Another consideration of aberrant CD3 expression in plasmablastic neoplasms is the sensitivity and specificity of CD3 antibody. Multiple CD3 antibody clones have been used in the studies reporting CD3 expression in B-cell neoplasms, including Ventana Rabbit monoclonal 26V6, Novocastra mouse monoclonal PS1, and Dako F7.2.38.7, 8, 10 Oliveira et al.8 stained their CD3+ B-cell neoplasms with two different CD3 antibody clones (Novocastra PS1 clone and Dako F7.2.38), which showed similar staining patterns. Hence, this finding further indicated that CD3 expression in B-cell neoplasms was not due to background staining or cross reactivity to immunoglobulin.

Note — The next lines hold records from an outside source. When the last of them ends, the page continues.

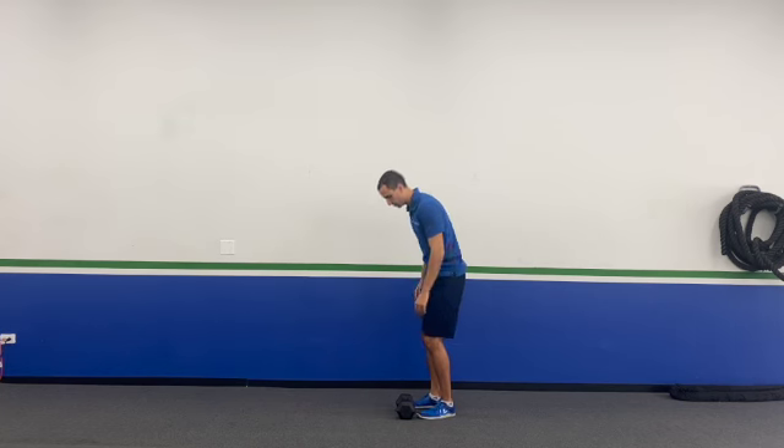It doesn't really matter which hand the dumbbell is in versus what leg you're working. I would do the harder version — meaning if it's harder to hold the dumbbell in the same hand as the same leg that's planted, that's what I would do. Or on the flip side, if it's harder holding it with the opposite hand, then I would go that direction. But let's go ahead and go over this movement.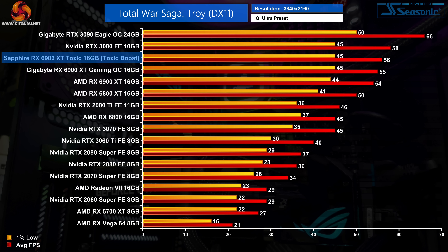Not every game scales well with increased clock speed. Total War Saga: Troy is actually where the 6900 XT performs worst relative to the RTX 3090 — the Toxic is 15% slower than Nvidia's flagship and only 4% faster than the reference 6900 XT, which shows that increased clock speed doesn't always net big gains.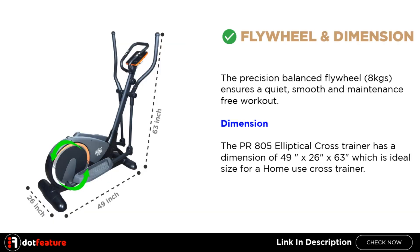Flywheel and Dimension. The Precision Balanced Fly Wheel 8KGS ensures a quiet, smooth and maintenance-free workout.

Nevertheless, although we do not know the exact mechanisms of CD3 expression in B-cell neoplasms, detection of this aberrant expression indicates that immunostains with only CD20 and CD3 to establish the cell lineage may lead to misclassification of hematopoietic neoplasms. Therefore, in the initial workup of high-grade lymphomas with unusual clinical presentations and morphologic features, we recommend combination of one or more T-cell markers (CD2, CD4, CD5, CD7, and CD8) and B-cell markers (CD79a, PAX5, BOB1, and OCT2), in addition to CD3 and CD20. Particularly, CD138 should be frequently stained, even in cases without obvious plasmacytic or plasmablastic cytology. Molecular analyses for IGH and TRG rearrangements are also very helpful in determining the cell origin and assisting in accurate classification of these unusual neoplasms.

Conclusions

Plasmablastic lymphoma and plasmablastic plasma cell myeloma with aberrant CD3 expression almost exclusively occurred in the extranodal sites with a male predominance. The tumor cells typically showed a high-grade morphology with a high proliferation rate. Aberrant CD3 expression in these plasmablastic neoplasms was mostly in a cytoplasmic staining pattern and as the sole aberrant T-cell marker. Common B-cell markers (CD20, CD79a, and PAX5) were mostly negative or only partially expressed. Therefore, it is essential to avoid misclassification of CD3+ plasmablastic neoplasms as ‘peripheral T-cell lymphoma, not otherwise specified’ or ‘“extranodal NK/T-cell lymphoma, nasal type’ by scrutinized morphologic examination, frequent incorporation of CD138 immunostaining, and utilization of more B-cell and T-cell markers in addition to CD3 and CD20, in conjunction with necessary molecular studies.